Parenting From The Wings: No Protective Bubble
There are times when I deserve to be lectured and certainly my parenting is not above reproach. As a matter of fact, if someone decides to list my parenting fails, I'm sure I could name more.
But the one thing I can't stand-OK, the one thing I can't stand the most at the moment-is someone telling me I have to stop protecting my daughter from failure. "Kids need to be allowed to fail and learn from it. They need to feel rejection, so they can handle it. You can't protect them from that in the real world."
My daughter is a theater kid. Sometimes she gets the part she wants. It is always "my dream role." It is always a cause for celebration.
But those days are few and far between.
She is a theater kid. She auditions for professional shows and doesn't get cast and for amateur theater groups and doesn't get the role she sought. She is a teen with Broadway dreams and an Instagram feed full of other young performers booking shows. We're not protecting her from failure or blowing smoke on every small accomplishment. More often, we must remind her that "failure" is this business. For everyone. One unsuccessful audition, missed line or cracked note is not a statement on her worth as a person or performer.
As it's an honor just to be nominated, it is an achievement just to audition. People mock participation trophies, but showing up is no small thing. Showing up is often the most difficult thing, as a matter of fact-especially when you are a kid and setting yourself up to be judged. In theater, showing up when your throat hurts or you have cramps, when you're worried about homework and friendships and everything else that's part of being a kid is not easy.
Walk into any one of the rehearsal studios in Manhattan and tell me that it isn't sometimes suffocating just being in these halls, air heavy with stress, anticipation, and unfulfilled dreams.

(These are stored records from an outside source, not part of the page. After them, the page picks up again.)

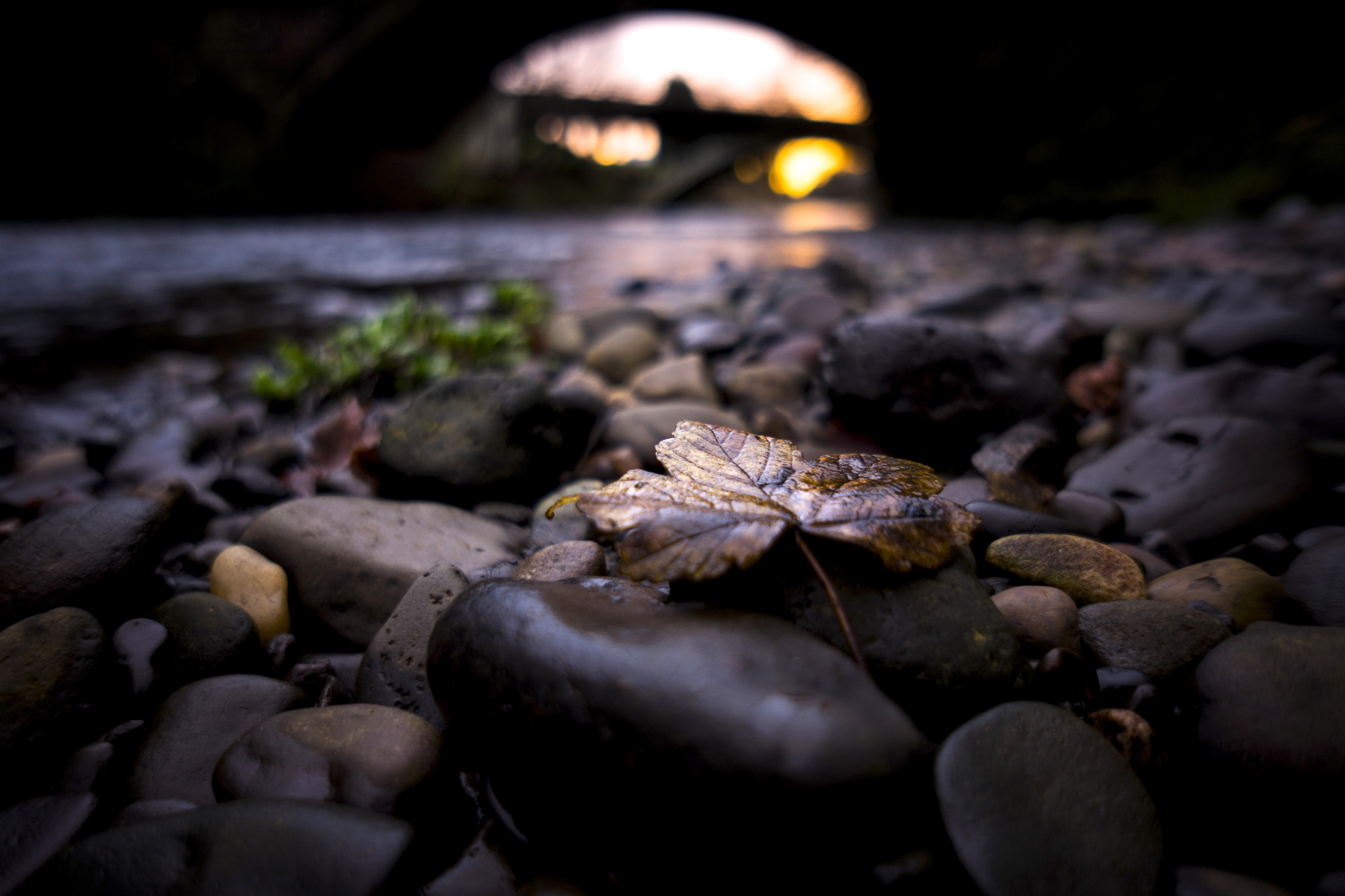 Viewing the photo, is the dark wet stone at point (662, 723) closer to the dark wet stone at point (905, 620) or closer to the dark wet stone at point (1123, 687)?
the dark wet stone at point (905, 620)

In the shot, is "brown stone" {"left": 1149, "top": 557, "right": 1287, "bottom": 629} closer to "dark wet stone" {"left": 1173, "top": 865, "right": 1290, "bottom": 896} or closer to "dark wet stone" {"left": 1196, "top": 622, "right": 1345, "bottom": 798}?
"dark wet stone" {"left": 1196, "top": 622, "right": 1345, "bottom": 798}

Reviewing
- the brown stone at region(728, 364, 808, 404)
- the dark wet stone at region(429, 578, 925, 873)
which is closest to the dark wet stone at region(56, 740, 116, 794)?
the dark wet stone at region(429, 578, 925, 873)

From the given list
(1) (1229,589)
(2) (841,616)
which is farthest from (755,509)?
(1) (1229,589)

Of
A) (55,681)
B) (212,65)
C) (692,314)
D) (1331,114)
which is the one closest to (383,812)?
(55,681)

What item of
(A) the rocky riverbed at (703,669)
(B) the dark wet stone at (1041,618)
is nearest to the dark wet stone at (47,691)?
(A) the rocky riverbed at (703,669)

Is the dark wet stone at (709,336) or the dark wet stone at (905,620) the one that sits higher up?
the dark wet stone at (709,336)

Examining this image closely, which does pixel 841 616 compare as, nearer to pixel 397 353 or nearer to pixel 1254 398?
pixel 1254 398

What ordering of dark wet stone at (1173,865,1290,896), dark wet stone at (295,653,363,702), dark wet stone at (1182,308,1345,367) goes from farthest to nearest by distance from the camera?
1. dark wet stone at (1182,308,1345,367)
2. dark wet stone at (295,653,363,702)
3. dark wet stone at (1173,865,1290,896) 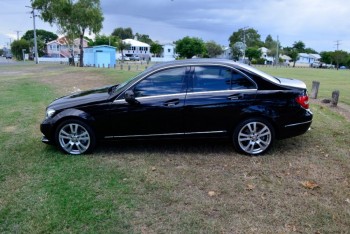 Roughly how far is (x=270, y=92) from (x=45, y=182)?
3837 millimetres

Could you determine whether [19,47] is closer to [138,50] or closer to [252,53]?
[138,50]

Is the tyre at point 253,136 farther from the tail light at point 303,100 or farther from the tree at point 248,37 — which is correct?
the tree at point 248,37

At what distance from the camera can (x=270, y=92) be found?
5.64 meters

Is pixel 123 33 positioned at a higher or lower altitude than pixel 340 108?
higher

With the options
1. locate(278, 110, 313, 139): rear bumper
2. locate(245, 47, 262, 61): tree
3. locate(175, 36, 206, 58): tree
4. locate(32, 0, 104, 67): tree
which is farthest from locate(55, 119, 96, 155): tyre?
locate(245, 47, 262, 61): tree

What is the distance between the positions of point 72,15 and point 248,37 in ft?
336

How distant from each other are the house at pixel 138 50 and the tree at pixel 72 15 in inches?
2016

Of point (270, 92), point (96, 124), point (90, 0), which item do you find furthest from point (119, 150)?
point (90, 0)

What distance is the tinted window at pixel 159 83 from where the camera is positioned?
221 inches

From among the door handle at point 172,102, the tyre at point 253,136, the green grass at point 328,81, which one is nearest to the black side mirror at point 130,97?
the door handle at point 172,102

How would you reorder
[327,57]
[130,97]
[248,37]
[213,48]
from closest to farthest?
1. [130,97]
2. [213,48]
3. [327,57]
4. [248,37]

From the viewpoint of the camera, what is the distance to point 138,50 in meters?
100

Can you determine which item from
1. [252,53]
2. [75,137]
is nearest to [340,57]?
[252,53]

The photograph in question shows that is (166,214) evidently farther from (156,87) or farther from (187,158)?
(156,87) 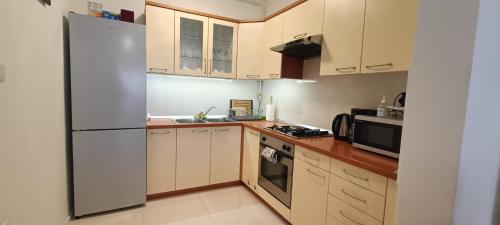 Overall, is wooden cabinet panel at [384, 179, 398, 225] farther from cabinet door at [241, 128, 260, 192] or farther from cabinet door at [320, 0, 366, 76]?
cabinet door at [241, 128, 260, 192]

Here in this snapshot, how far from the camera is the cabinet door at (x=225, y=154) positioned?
2801mm

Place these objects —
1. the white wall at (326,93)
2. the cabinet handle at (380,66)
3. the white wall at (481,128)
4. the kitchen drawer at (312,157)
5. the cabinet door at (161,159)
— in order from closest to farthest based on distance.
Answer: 1. the white wall at (481,128)
2. the cabinet handle at (380,66)
3. the kitchen drawer at (312,157)
4. the white wall at (326,93)
5. the cabinet door at (161,159)

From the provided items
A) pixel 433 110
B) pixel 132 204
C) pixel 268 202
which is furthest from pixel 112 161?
pixel 433 110

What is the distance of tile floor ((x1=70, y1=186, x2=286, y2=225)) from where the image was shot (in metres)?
2.19

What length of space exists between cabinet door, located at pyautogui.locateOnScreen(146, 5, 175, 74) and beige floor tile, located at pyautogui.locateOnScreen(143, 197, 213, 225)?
1474 millimetres

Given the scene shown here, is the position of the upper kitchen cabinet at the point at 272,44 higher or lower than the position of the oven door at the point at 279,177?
higher

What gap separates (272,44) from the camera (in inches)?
109

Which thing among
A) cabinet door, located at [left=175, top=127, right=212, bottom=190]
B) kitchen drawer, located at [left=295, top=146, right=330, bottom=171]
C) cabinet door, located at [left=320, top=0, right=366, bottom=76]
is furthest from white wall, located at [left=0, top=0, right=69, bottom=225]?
cabinet door, located at [left=320, top=0, right=366, bottom=76]

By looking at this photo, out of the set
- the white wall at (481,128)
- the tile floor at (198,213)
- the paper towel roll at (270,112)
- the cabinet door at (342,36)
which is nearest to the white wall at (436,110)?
the white wall at (481,128)

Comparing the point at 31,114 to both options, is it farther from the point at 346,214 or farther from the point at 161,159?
the point at 346,214

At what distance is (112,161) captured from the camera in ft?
7.31

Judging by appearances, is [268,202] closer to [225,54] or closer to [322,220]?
[322,220]

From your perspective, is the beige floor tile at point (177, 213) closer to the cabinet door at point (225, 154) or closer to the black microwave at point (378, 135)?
the cabinet door at point (225, 154)

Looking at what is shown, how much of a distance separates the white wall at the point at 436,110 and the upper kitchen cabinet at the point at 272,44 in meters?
2.06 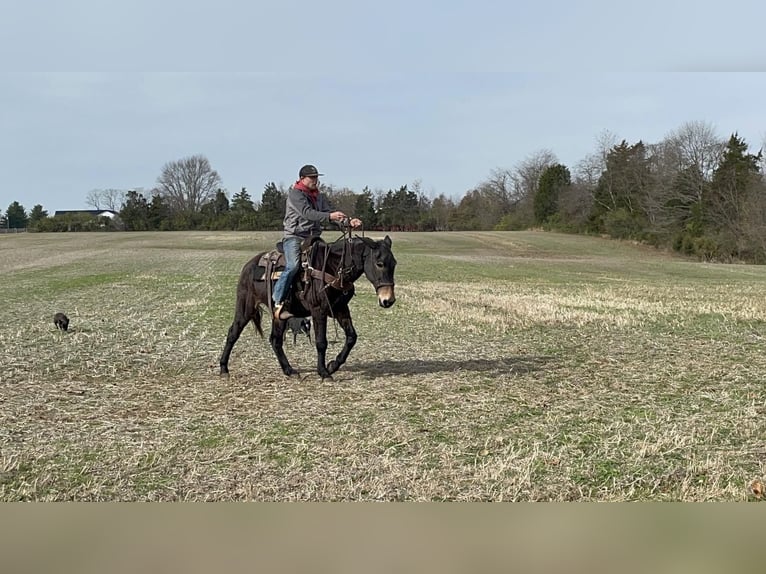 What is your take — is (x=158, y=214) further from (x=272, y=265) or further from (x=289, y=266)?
(x=289, y=266)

I'm sitting in one right now, as a matter of fact, lucky enough to find a chair in a far off corner. (I have spent more than a few hours sitting on these floors.)
As parents we wait-a lot-for voice lessons and dance classes, auditions and rehearsals. And we wait for callbacks and cast lists. When they hear-those times that they hear anything at all-we often become consolers. The first heartbreak in our house can be blamed on two men who cast a production of Annie years ago. The tears. The sadness that lingered for weeks with self-doubt and a constant search for answers, reliving every moment for the misstep where it all went wrong. There was a great urge on my part to dismiss them as idiots who didn't deserve her. I did not, although I imagine the first teen boy to do similar damage will not be so lucky.

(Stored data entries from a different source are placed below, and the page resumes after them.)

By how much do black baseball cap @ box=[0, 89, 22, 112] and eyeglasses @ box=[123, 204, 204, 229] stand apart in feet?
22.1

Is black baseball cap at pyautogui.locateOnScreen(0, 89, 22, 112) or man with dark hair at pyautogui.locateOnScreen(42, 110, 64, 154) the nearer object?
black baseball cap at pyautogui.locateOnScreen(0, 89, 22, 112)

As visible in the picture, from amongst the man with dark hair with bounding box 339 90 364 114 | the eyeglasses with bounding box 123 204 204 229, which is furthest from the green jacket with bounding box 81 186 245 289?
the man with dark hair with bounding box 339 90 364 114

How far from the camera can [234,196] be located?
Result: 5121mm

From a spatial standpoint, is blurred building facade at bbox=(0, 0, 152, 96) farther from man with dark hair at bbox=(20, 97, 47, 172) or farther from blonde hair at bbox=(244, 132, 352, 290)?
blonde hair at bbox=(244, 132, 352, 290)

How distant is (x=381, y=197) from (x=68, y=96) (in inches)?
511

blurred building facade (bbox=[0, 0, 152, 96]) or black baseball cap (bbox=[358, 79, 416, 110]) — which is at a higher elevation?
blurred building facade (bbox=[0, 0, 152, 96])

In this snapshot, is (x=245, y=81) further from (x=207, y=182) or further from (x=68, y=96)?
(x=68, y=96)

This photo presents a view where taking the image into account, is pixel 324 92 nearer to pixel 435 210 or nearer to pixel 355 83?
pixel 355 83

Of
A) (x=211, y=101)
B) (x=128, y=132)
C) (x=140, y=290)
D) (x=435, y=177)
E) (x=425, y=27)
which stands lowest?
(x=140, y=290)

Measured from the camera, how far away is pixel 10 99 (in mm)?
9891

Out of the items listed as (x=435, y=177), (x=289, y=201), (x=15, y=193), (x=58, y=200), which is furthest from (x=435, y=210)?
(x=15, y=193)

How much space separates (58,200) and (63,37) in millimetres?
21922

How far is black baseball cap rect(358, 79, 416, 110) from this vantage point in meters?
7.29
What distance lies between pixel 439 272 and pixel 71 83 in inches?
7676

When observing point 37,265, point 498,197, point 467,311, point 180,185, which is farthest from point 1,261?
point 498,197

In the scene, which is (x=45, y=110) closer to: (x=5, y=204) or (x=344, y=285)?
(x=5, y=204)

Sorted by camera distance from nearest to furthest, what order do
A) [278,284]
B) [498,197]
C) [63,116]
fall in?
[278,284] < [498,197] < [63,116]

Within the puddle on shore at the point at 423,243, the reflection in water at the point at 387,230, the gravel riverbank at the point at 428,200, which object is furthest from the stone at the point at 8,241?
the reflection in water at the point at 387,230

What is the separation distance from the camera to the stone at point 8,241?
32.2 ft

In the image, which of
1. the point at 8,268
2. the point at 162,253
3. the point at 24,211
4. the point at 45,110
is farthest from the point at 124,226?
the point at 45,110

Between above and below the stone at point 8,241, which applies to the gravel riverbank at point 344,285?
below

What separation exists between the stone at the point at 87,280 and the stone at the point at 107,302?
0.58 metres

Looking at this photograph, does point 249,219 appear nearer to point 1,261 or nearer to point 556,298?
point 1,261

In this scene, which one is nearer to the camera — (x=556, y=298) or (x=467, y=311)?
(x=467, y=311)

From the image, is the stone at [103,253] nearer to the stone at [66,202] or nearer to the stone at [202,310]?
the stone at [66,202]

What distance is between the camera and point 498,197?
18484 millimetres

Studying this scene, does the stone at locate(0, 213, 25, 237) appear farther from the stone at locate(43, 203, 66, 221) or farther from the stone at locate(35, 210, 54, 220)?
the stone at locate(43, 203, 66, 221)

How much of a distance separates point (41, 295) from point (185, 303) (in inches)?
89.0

No matter how much you prep, as parents, we all just wing it in the moment. (Anybody have a map?) Sometimes there is dessert for dinner. Sometimes, we have to be the ones to say what they don't want to hear. Sometimes we learn it would have been best to just be quiet. It is exhausting, and it can be frustrating. It is always very dramatic. (Nature of the beast.)

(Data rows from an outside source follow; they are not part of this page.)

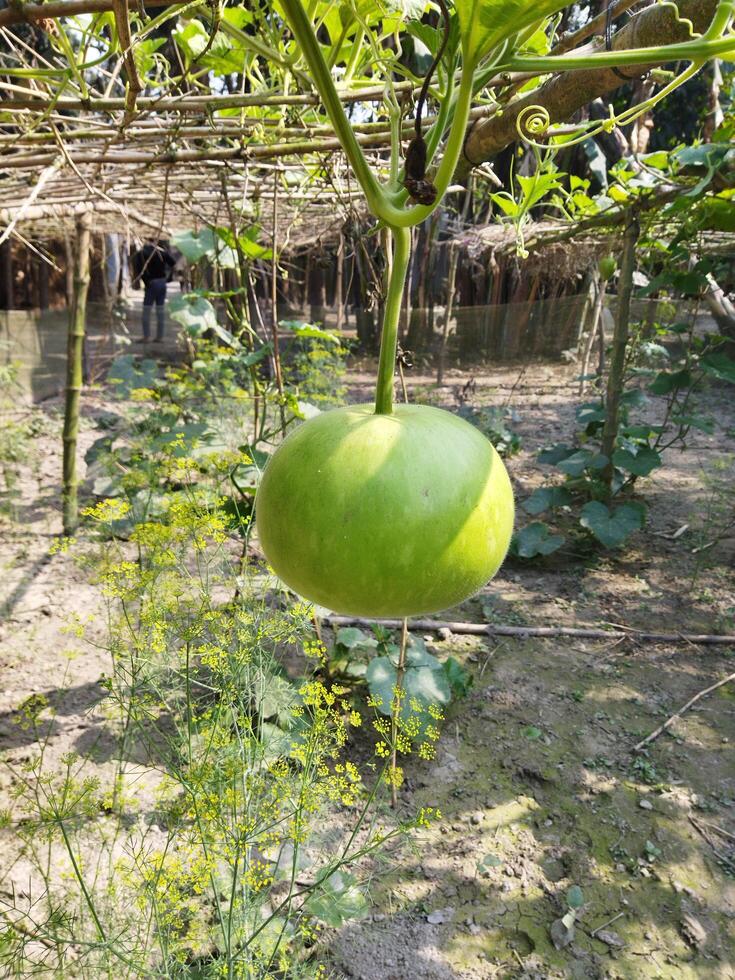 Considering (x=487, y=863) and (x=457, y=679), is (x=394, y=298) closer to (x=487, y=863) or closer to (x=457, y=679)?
(x=487, y=863)

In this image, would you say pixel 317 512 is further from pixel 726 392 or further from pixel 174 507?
pixel 726 392

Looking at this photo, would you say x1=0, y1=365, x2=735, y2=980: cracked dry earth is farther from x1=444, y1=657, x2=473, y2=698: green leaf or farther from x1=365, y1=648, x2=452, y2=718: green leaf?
x1=365, y1=648, x2=452, y2=718: green leaf

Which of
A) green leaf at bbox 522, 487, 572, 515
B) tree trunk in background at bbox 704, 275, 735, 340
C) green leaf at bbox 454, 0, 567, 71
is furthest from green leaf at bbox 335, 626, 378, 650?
tree trunk in background at bbox 704, 275, 735, 340

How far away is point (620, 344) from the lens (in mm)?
4277

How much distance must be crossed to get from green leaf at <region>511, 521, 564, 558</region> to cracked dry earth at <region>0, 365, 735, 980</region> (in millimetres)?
165

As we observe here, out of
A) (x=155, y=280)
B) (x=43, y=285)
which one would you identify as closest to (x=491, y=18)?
(x=43, y=285)

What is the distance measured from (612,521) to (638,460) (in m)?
0.51

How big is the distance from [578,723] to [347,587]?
2.64 meters

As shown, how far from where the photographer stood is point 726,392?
8.70 m

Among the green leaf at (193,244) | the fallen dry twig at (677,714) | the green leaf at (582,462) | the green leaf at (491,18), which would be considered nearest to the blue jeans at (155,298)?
the green leaf at (193,244)

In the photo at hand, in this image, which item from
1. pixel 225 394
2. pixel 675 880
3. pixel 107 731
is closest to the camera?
pixel 675 880

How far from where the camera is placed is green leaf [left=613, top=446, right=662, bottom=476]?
14.3 ft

You sometimes want to shout (and, on occasion, I have): "This is what acting is. This is theater. Rejection after rejection after rejection. If you can't handle it without a full breakdown every time, you can't do this anymore. We can't do this anymore."
But if we're honest with ourselves, we all know how it feels. We've all been there. We've failed to get a coveted job and made mistakes at the ones we have. We know how hard it is to own that, to not think it's a reflection on your overall ability and value. We know what it takes to send out the next resume, to show up the next day. But most of us don't choose a vocation or avocation that is guaranteed failure a majority of the time. Why would we? It's too hard.
So please spare us the well-intentioned speech or link to a story about the benefits of letting your kids fall down so they can pick themselves back up. Theater parents are a lot of things, but one thing we can't be-no matter how much we may want to-is the parent who shelters her child from failure. Time and time again, we watch them walk into a room that almost guarantees it. And then we wait.
It's not easy. As a matter of fact, I would like a participation trophy, please.